I believe 1.8 preview 2 has a high contrast setting. I can't find it anywhere. Can anyone point me to it? I need to get white text on black.
Thanks
Hi,
You may try to switch to the Windows high contrast mode first by pressing left SHIFT, left ALT, and PRINT SCREEN keys together. For Windows XP, there is an "Accessibility" item on Control Panel which can adjust the high contrast color (from Display tab). For Windows Vista / 7, just change the Windows theme from Personalize.
Good luck!
Derek
Hi Derek,
I already have Windows XP configured to give white text on black. ADE sets it's own colours and doesn't honour the OS settings. But 1.8 claims to have a High Contrast setting which can be toggled by a keyboard command. But the keyboard command is not included in the list of keyboard commands in the User Guide. I've tried guessing it but without success.
Thanks for the reply though.
Have you tried to enable high contrast mode as what I mentioned above? "High contrast mode" for Windows is a "flag", which cannot be enabled by a certain color combination. You may switch to enable it first and then choose the color theme like white text on black.
BTW, I can get correct color from 1.8 on my Windows XP. I'm sure you can get it as well, following the way above. ![]()
I am not seeing an explicit option in Preview 3 to enable a "high-contrast" reading mode.

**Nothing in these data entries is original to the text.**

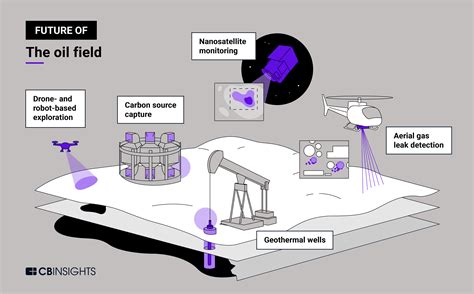Exploring the Potential of Advanced Technologies in Uncovering Oil Reserves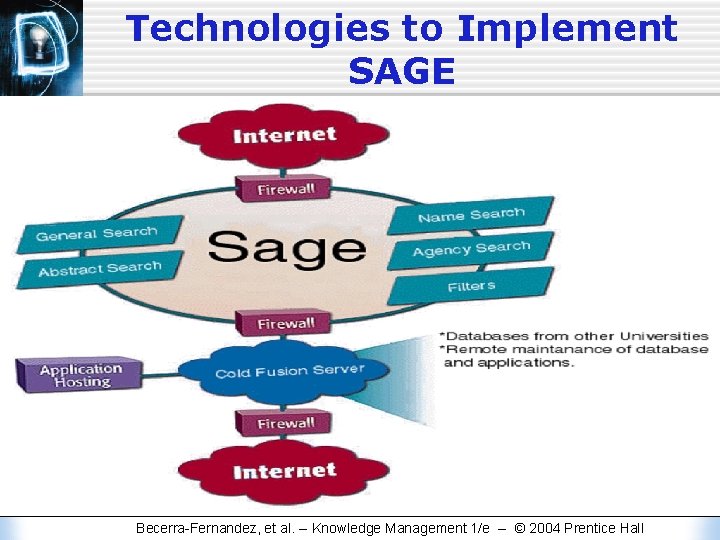 Technologies to Implement SAGE Becerra-Fernandez, et al. -- Knowledge Management 1/e -- © 2004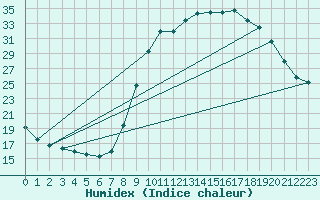 Courbe de l'humidex pour Lagarrigue (81)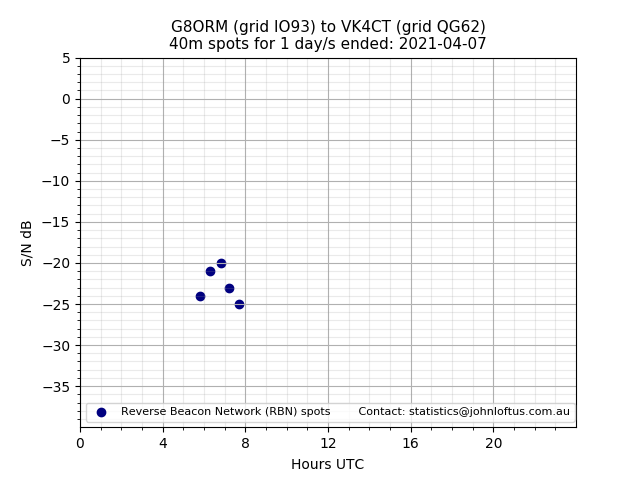 Scatter chart shows spots received from G8ORM to vk4ct during 24 hour period on the 40m band.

Some of us desire to read text for an extended period on a dark ground out of preference, not absolute necessity, and forcing all of those who have the desire to use high-contrast for reading EPUB to do so across all of Windows is as poor of an accessibility choice (choices have implications both ways, and it's short-sighted to ignore either those who need accessibility or those who don't as their needs often overlap) as not supporting it at all.
If you want to call it a "night reading mode", sure.
Basically, all I'd be requesting is "Provide high-contrast mode via menu toggle as well as Windows UI hints." This would ideally create the side-effect that it could be disabled by those who normally use high-contrast mode for their apps, but may actually prefer to not use ADE in high-contrast mode.
This is one of those cases where defaults are unlikely to suit everyone and a toggleable would be useful.
(On by default if the OS is configured for "high contrast" and off otherwise.)